Penculik tahu bahwa bocah tersebut berasal dari keluarga kaya. Ia bahkan mendapatkan nomor ponsel orang tuanya guna mendapatkan uang tebusan.
Menurut sumber yang tidak disebutkan namanya, penculik telah mengunci bocah perempuan itu di sebuah kamar di rumahnya dan menuntut uang tebusan 500.000 won atau sekitar Rp 6 juta.
Namun polisi berhasil melacak pria tersebut berdasarkan nomor telepon. Pria itu berhasil ditangkap dan sang anak telah dikembalikan ke orang tuanya. Saat ini kasus penculikan itu akan masuk ke persidangan.
Kasus lainnya menurut Radio Free Asia adalah penculikan anak laki-laki berusia 10 tahun yang berjalan di sepanjang pusat Kabupaten Yangdok. Seorang pria, yang berusia empat puluhan, berhenti di samping anak itu dengan sepeda motornya dan menawarinya tumpangan pulang.
Bocah itu kemudian menyadari bahwa dia diculik, tetapi berhasil melarikan diri dan melaporkan kejadian itu ke polisi. Pria itu sudah ditahan.

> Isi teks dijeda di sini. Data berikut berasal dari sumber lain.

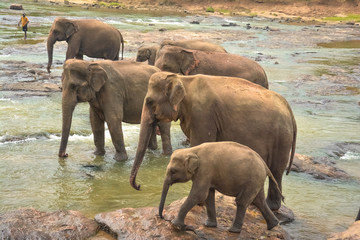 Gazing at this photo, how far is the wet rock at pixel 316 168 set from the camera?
1030 cm

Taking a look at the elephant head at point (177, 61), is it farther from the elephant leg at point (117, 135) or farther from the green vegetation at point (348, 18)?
the green vegetation at point (348, 18)

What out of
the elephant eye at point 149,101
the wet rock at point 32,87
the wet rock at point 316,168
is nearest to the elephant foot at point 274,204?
the elephant eye at point 149,101

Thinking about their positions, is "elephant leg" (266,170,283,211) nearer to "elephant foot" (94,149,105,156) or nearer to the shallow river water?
the shallow river water

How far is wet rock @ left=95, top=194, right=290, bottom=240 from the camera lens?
661 cm

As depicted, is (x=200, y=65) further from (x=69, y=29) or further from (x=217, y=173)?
(x=69, y=29)

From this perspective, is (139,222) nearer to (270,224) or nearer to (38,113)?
(270,224)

Pada 12 Mei, terjadi kasus serupa. Seorang pria membawa anak laki-laki dari sebuah taman kanak-kanak di kota Hyesan. Ia mengaku sebagai ayah dari anak berusia enam tahun tersebut. Namun beruntung bocah tersebut berhasil dibebaskan oleh polisi. Ibu dari anak laki-laki itu menerima telepon permintaan uang tebusan.
Para orang tua cemas kasus penculikan meningkat. Seperti dilansir dari Daily Mail, hal yang sama bisa terjadi pada anak-anak kapan saja.

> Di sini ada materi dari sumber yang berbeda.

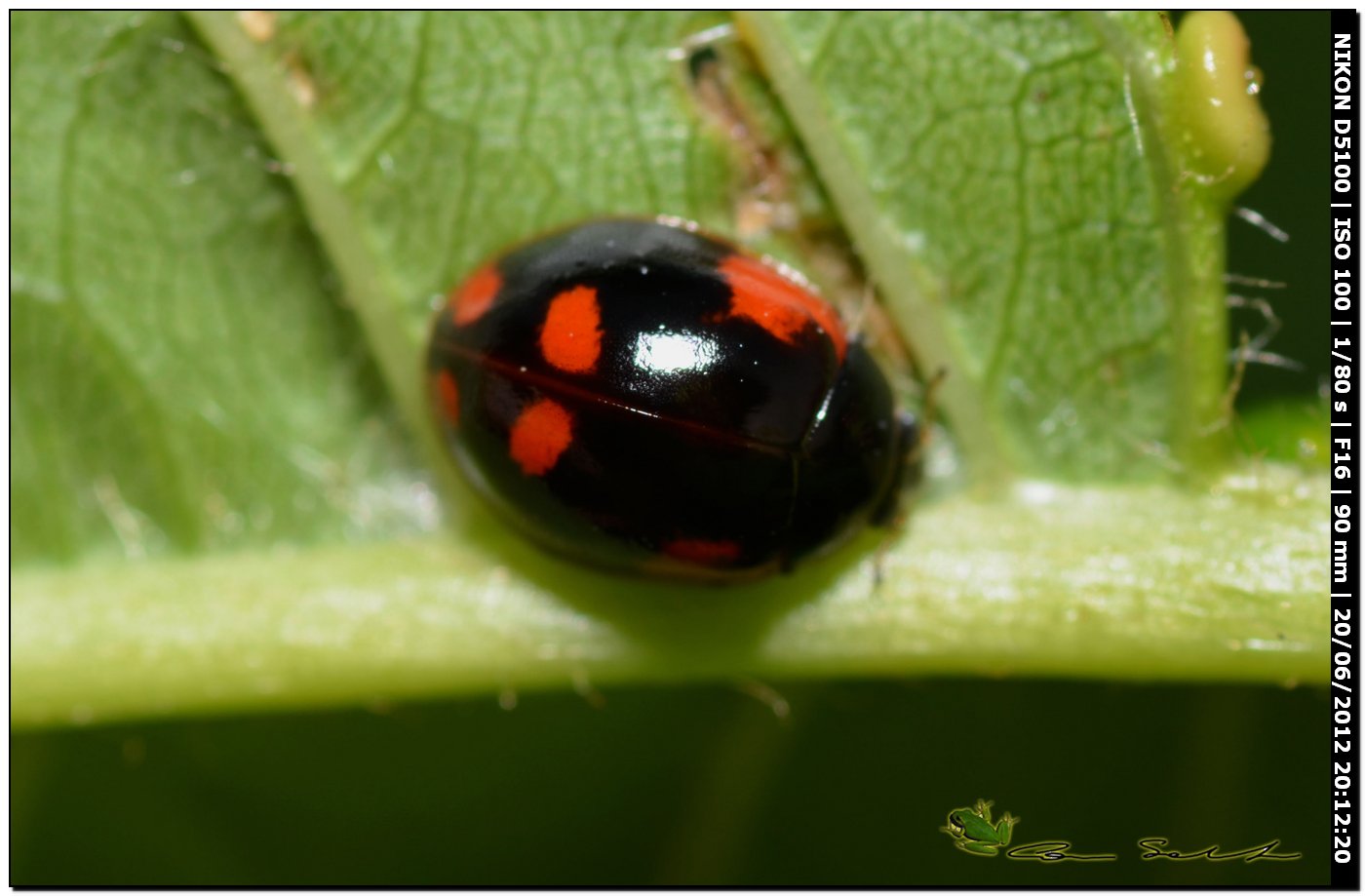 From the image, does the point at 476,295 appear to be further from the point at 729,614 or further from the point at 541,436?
the point at 729,614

Bencana kelaparan sedang menghantui Korea Utara. Lembaga pangan PBB, FAO memperingatkan Korea Utara kekurangan pangan sekitar 800 ribu ton tahun ini. Masa sulit diperkirakan bakal terjadi mulai bulan depan.

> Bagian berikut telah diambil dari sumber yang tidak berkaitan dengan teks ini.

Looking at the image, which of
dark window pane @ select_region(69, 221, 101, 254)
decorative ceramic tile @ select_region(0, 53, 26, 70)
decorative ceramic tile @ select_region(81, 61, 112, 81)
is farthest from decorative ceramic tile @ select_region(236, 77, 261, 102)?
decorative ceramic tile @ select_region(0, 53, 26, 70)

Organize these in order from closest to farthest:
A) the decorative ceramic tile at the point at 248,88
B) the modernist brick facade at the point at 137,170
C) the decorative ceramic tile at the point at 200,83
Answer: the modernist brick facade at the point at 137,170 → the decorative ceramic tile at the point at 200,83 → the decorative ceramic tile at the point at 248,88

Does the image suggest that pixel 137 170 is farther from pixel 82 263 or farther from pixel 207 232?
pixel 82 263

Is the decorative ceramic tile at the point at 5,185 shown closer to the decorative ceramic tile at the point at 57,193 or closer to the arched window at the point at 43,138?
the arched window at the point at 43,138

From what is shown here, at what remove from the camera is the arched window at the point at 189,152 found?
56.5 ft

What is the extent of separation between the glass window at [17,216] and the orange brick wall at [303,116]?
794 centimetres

Dalam laporannya, FAO menyebutkan produksi pangan biji-bijian di Korea Utara hanya 5,6 juta ton tahun ini. Jumlah ini kurang 1,1 juta ton dari yang dibutuhkan oleh seluruh penduduk. Angka impor pangan yang sudah dipublikasikan secara resmi oleh pemerintah baru 205.000 ton, sehingga defisit pangan diperkirakan sekitar 860.000 ton.
"Jika kesenjangan ini tidak bisa ditutupi melalui impor komersial atau bantuan pangan, maka akan terjadi masa sulit mulai Agustus hingga Oktober," tulis FAO dalam laporannya Juni lalu.
Pemimpin Korea Utara Kim Jong Un telah membahas soal krisis pangan pada Juni. Harga beras dan jagung di negara tersebut naik sejak awal tahun. Pada 2020, produksi biji-bijian di Korea Utara juga turun sekitar 5,2 persen.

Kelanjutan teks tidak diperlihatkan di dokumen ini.